Fasilitasi
Langkah berjalan mundur cepat, waktu tergulung, tahun-tahun terlipat, lalu berhenti di masa ketika aku duduk di bangku paling depan mengerjakan soal ujian tengah semester kelas 3 SMP. Hanya ada beberapa benda yang legal berada di atas meja; kertas folio bergaris, pulpen, penghapus pena, dan lembar soal ujian.
Namun aku kecewa berat, karena soal yang tercantum di lembar itu berbeda sama sekali dengan apa yang sudah aku pelajari (atau hapalkan?) semalam. Kesal; merpati dari kertas yang biasanya dibuat dari lembaran buku yang tidak terpakai, saat itu kubuat dari kertas soal ujian. Pikirku dahulu mungkin: membuat kertas soal itu menjadi merpati adalah lebih baik daripada meremasnya.
Namun, ibu guru pengawas tetap saja tidak respect dengan perbuatanku. Pesannya: hargailah yang mengetik soal di kertas itu. Aku merasa bersalah, menyesal telah melakukannya. Padahal kalau dipikir-pikir sekarang waktu itu aku kecewa dengan sesuatu yang tidak begitu berkualitas dalam proses pendidikan seorang manusia, yaitu menghapal materi. Pun materinya berasal dari sumber yang itu-itu saja. Kita menyebutnya LKS.

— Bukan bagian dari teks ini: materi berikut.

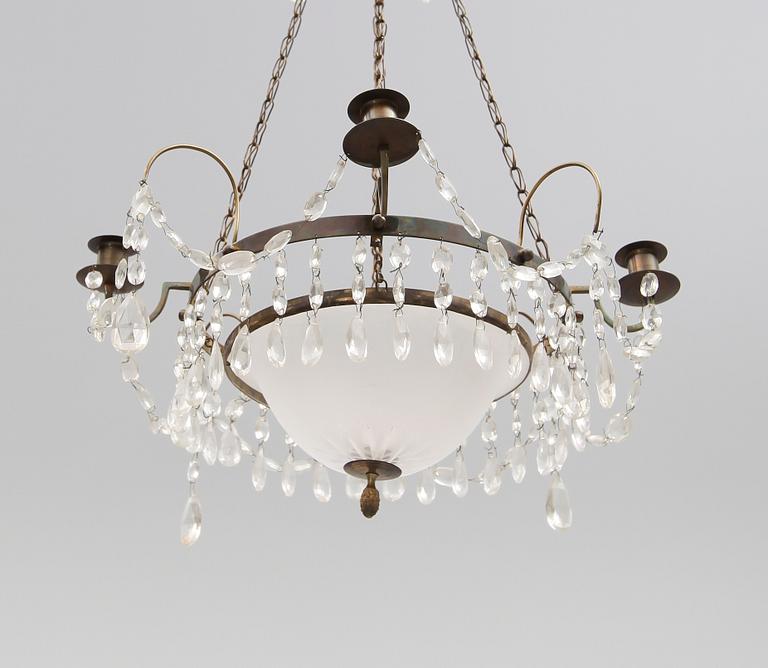 TAKAMPEL, sengustaviansk, 1800-talets första hälft. Höjd ca 65 cm.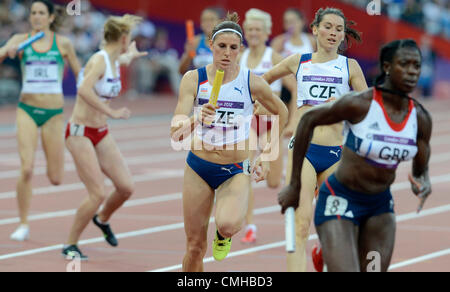 10. August 2012. Tschechische Republik Zuzana Hejnova (Mitte) während Frauen 4 x 400 m Staffel Hitze während der Leichtathletik im Olympiastadion bei den Sommerspielen 2012, London, Großbritannien, Freitag, 10. August 2012. (Foto/Michal Kamaryt CTK) Stockfoto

Letak musababnya bukan pada siswa saja, melainkan sekolah dan tetek-bengek sistemnya yang berperan dalam perkembangan diri siswa. Aku berdiri di tulisan ini sebagai satu contoh (tentu banyak contoh dari orang lain). Sewaktu SMP aku punya beberapa minat atau hobi: sepak bola, menggambar, musik, dan komputer. Yang terakhir sempat mau dikembangkan, tapi tidak kesampaian. Sebabnya yang utama adalah fasilitas, baik di keluarga pun di sekolah tidak ada yang dapat membaca minatku dan kemudian memfasilitasi, hal mana yang sekarang aku pikir penting dilakukan, untuk menunjang kemampuan diri di masa setelah lulus dan menghadapi "kehidupan di dunia yang sesungguhnya".
Sebuah video muncul di beranda Youtube-ku, video dengan tema pendidikan (praktis), tema yang termasuk jarang muncul ketika aku menggeser ke atas layar HP-ku. Tak ada tokoh yang aku kenal dalam video itu. Namun topik yang dibicarakan sangat menarik.

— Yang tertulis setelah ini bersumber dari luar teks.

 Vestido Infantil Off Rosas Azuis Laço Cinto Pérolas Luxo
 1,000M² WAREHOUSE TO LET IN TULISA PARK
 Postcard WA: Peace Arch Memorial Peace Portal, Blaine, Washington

JURUSANKU nama channelnya. Aku menyimak sebuah podcast tentang Rencana Pelaksanaan Pembelajaran (RPP). Sebuah topik yang tidak akan dikupas cukup dalam kalau tidak di channel khusus dunia pendidikan. Obrolan Ina Liem, hostnya, dengan narasumber Dr. Itje Chodidjah, Ketua Harian Komisi Nasional Indonesia untuk UNESCO 2021-2025 sangat menarik untuk disimak. Dari sana aku menemukan apa yang salah dari proses pendidikanku di SMP bahkan sampai SMK.

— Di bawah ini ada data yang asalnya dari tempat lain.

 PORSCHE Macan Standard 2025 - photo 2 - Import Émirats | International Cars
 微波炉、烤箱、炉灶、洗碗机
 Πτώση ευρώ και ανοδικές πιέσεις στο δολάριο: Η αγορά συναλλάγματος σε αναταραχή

Banyak problem yang turut menjadi faktor buruknya kualitas pendidikan di Indonesia, salah satunya adalah penerapan RPP oleh para guru yang tidak tepat. RPP secara sederhana adalah deskripsi tentang apa yang akan dilakukan oleh guru di dalam kelas bersama siswa. Tidak sedikit guru yang pandai membikin RPP tapi sebenarnya tidak paham esensinya. Apa yang dipraktikannya di dalam kelas itu sebenarnya buat apa? Arahnya ke mana? Terkadang hal yang mendasar demikian tidak terpikirkan oleh guru. Hal itu akan terkait juga dengan cara pandang guru terhadap kurikulum.
Kurikulum merupakan istilah yang hampir tidak akan dijumpai kecuali dalam dunia pendidikan, walaupun sebenarnya kalau dibedah kurikulum itu berasal dari kata kurir, bahasa Latin, yang artinya pelari. Dahulu digunakan dalam dunia olahraga pada masa Yunani Kuno. Para guru harusnya paham juga tentang ini. Karena kurikulum dunia pendidikan sebagaimana kita kenal sekarang dianalogikan sebagai tempat pacu lari seperti di zaman Yunani Kuno. Hal ini aku pahami dari keterangan Dr. Itje Chodidjah bahwa ada tangga-tangga menuju kompetensi yang hendak dicapai. Ada landasan pacu yang merentang dari garis start hingga finish. Itulah kurikulum.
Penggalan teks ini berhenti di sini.